# Principal ultrafilters

In "Compositionality in Montague Grammar" (In "The Oxford Handbook of Compositionality"), Markus Kracht writes that "In a standard model (where we allow quantifying over all subsets) there is a biunique correspondence between the individuals of the domain and the set of all subsets of the domain containing that individual (such sets are also called principal ultrafilters)" (p.58).

1. Why is the qualification "where we allow quantifying over all subsets" necessary here? Is this to imply that correspondence he alludes holds only in a full model of second order logic?

2. If the bijection only holds in a full second order model why would that be the case? Why would it fail in first order logic?

3. What is the proof of the biunique correspondence the Kracht mentions (he provides no proof himself)?

Not having the book on hand, I suspect that he means that defining the map "Send $x$ to the set of all sets containing $x$" requires us to quantify over sets of sets. It's not that this bijection would fail to 'work' in too weak a logic, but that it would fail to exist.

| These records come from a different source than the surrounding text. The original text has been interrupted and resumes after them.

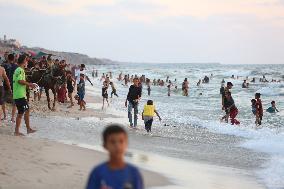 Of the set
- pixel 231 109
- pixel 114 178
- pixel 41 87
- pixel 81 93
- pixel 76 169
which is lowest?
pixel 76 169

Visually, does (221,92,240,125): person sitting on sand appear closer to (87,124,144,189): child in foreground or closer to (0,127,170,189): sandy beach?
(0,127,170,189): sandy beach

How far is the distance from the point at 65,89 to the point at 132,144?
1017 centimetres

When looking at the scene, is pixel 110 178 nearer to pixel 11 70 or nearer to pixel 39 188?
pixel 39 188

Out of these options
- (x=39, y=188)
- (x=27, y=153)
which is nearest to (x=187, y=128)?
(x=27, y=153)

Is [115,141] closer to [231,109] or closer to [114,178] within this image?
[114,178]

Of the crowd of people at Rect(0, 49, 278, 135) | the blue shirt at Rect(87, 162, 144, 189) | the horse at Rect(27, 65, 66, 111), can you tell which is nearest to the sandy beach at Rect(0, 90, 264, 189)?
the crowd of people at Rect(0, 49, 278, 135)

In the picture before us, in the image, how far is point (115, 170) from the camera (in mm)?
3152

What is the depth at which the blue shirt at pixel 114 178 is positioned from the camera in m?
3.15

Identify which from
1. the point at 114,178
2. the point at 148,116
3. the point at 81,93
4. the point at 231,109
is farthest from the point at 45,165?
the point at 81,93

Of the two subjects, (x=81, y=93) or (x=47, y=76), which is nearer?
(x=47, y=76)

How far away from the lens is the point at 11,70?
12.6m

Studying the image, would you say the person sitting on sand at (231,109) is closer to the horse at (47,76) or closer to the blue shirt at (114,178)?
the horse at (47,76)

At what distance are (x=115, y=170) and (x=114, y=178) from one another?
5cm

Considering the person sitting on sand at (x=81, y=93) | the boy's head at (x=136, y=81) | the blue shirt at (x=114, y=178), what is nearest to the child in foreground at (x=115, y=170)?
the blue shirt at (x=114, y=178) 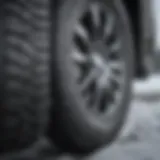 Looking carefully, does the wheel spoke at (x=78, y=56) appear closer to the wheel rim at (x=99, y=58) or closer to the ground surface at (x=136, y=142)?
the wheel rim at (x=99, y=58)

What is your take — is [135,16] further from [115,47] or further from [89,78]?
[89,78]

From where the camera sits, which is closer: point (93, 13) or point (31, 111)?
point (31, 111)

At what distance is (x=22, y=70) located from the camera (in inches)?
93.0

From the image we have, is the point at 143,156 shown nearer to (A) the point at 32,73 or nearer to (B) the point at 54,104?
(B) the point at 54,104

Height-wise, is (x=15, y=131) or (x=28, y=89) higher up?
(x=28, y=89)

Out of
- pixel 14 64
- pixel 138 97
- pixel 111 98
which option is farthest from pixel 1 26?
pixel 138 97

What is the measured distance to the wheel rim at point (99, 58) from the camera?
2879 millimetres

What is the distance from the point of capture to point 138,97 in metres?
5.30

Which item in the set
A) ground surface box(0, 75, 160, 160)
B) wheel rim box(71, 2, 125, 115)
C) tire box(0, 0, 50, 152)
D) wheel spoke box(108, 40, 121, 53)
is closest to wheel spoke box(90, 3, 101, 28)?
wheel rim box(71, 2, 125, 115)

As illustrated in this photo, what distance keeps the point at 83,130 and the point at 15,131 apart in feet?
1.63

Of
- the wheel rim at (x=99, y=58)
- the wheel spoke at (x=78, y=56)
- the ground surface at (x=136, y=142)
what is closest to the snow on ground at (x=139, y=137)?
the ground surface at (x=136, y=142)

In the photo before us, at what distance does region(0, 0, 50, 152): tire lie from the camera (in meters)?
2.34

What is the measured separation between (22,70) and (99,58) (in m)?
0.75

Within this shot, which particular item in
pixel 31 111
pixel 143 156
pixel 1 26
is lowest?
pixel 143 156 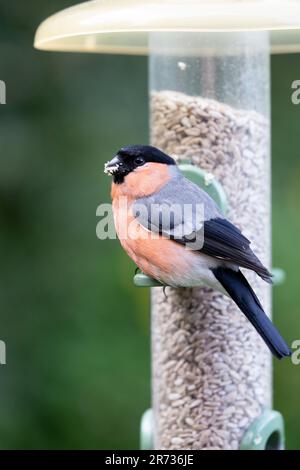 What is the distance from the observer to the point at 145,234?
11.5 feet

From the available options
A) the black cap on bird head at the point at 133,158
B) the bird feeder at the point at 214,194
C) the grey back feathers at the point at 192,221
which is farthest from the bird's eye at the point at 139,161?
the bird feeder at the point at 214,194

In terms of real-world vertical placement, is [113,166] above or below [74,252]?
above

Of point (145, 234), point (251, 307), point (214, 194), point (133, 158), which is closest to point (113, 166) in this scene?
point (133, 158)

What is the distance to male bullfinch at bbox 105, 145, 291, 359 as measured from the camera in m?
3.39

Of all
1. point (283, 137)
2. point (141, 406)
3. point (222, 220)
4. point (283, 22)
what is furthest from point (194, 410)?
point (283, 137)

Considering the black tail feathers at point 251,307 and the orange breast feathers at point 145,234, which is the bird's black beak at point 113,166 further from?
the black tail feathers at point 251,307

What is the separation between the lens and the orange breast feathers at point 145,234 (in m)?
3.47

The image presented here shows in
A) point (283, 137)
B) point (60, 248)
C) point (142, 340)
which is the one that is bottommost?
point (142, 340)

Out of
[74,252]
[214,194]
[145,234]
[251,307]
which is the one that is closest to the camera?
[251,307]

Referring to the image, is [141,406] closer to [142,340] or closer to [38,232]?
[142,340]

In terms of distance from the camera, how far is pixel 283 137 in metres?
5.31

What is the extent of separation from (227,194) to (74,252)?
1.53 m

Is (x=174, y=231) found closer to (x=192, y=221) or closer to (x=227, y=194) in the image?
(x=192, y=221)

Meanwhile, I think "biunique" is probably just a fancy word for "bijection," in which case the proof is immediate.

• Yes, they mean the same. I was wondering whether you could define the map as a schema: "send $x$ to $S$, if $x \in S$". Does that work? What do you mean exactly by saying that it might work but fail to exist? – user65526 Oct 26 '15 at 20:03
• No - you want to send $x$ to the set of all $S$ which contain $x$. – Noah Schweber Oct 26 '15 at 20:05

The map is supposed to send each individual to the set of all subsets of the domain containing that individual.

Consider a Henkin model with individuals $a$ and $b$ and only one set $\{a,b\}$. Then both $a$ and $b$ would map to $\{\{a,b\}\}$, so the map would not give the desired correspondence in this case.

If we add a third individual, $c$, but no new sets, then $c$ would map to $\emptyset$ because no sets in the model contain $c$.

None of this is the desired behavior. In a standard (full) model, all subsets of the individuals are present, and in particular no two distinct individuals can map to the same family of sets, because for each individual $x$ the set $\{x\}$ would be in the model.